Tuesday, Jul. 31, 2001

The Supreme Court's past Term was a veritable blockbuster for immigration law. In three cases decided in the final few weeks of the Term, the Court addressed a number of contentious issues that had been percolating in the lower courts and occupying immigration specialists for years.

Each case was decided by a 5-4 margin, with immigrants prevailing over the government in two of the three. Not bad, particularly from a Rehnquist Court not known for its solicitude for the claims of noncitizens. Yet these cases are most striking not for their outcomes, but for the rationales the Court used — or rather, did not use — in reaching those outcomes.

A cornerstone of the Court's immigration jurisprudence, the so-called plenary power doctrine, was not invoked by the Court in any of the three cases, despite the fact that the government relied on it in all three. Plenary power was the proverbial dog that did not bark, significant precisely because it was not heard from.

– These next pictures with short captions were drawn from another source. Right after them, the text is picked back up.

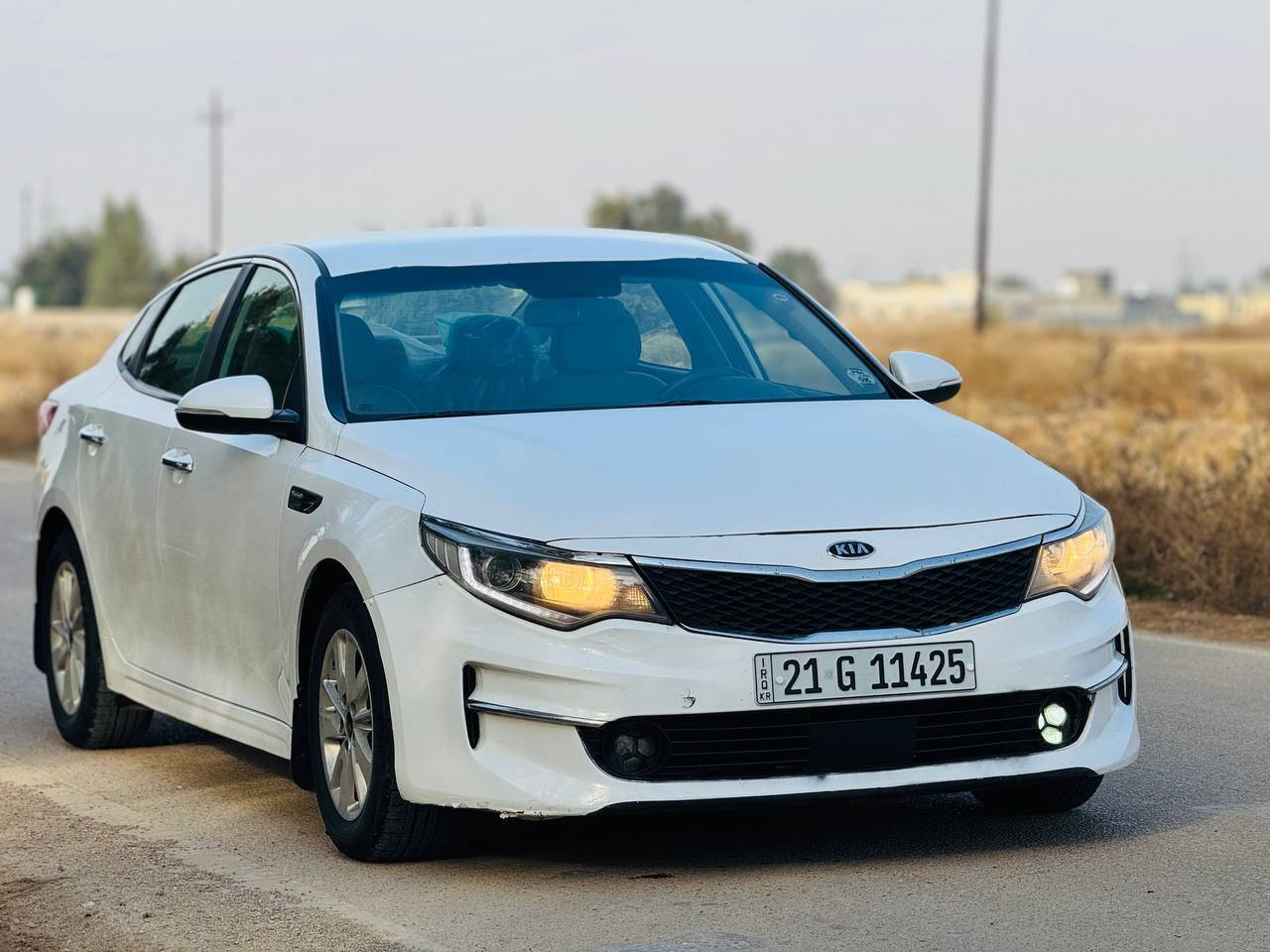 السلام عليكم
كيا اوبتما  وارد أمريكي 🇺🇸 موديل 2018 
رقم سليمانية بسمي السيارة 

انضمه قياده  3

اشاير مري 
مكينه 2400 gdi. ماشية. 133
شاشه كبيرة 
حساس خلفي 
تحكم سترين

عنوان بغداد جسر ديالى جديد /.      ***********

The Plenary Power Doctrine

The plenary power doctrine has been a central feature of the Supreme Court's immigration jurisprudence since the late nineteenth century. This doctrine accords the legislative and executive branches broad authority to regulate immigration, and provides that the courts should generally refrain from interfering in immigration matters.

The Court first articulated the doctrine in an 1889 case known as the Chinese Exclusion Case, in which it upheld a statute excluding Chinese laborers from the United States, without subjecting the law to any substantive constitutional analysis. The Court ruled that because immigration decisions by the political branches are "conclusive upon the judiciary," such analysis was improper.

The Chinese Exclusion Case arose in a time of virulent anti-Chinese racism in this country, hardly an era our modern nation should emulate. Yet despite its less-than-admirable beginnings, the plenary power doctrine has survived to shield a range of subsequent immigration provisions from searching constitutional scrutiny. The result, as the Supreme Court explained in a 1976 case called Mathews v. Diaz, is that, "[i]n the exercise of its broad power over naturalization and immigration, Congress regularly makes rules that would be unacceptable if applied to citizens."

This practice has not gone unchallenged. Indeed, the plenary power doctrine has faced years of withering criticism from advocates, scholars, and jurists. Even individual members of the Supreme Court have occasionally questioned the doctrine's validity. Still, the Court has never formally rejected its plenary power precedents, and the government has continued to rely on them in its legal briefs when defending immigration provisions against constitutional attack.

True to form, the government relied on plenary power arguments in each of the three immigration cases heard by the Court this past Term. The Court, however, did not follow suit: In deciding the three cases, it never once relied on — or even directly applied — the plenary power doctrine. Rather, the Court employed alternative rationales for each of its decisions, rationales that enabled it to avoid choosing between either reaffirming or rejecting its plenary power precedents. An examination of these cases suggests that many on the current Court would prefer to avoid the plenary power doctrine whenever possible.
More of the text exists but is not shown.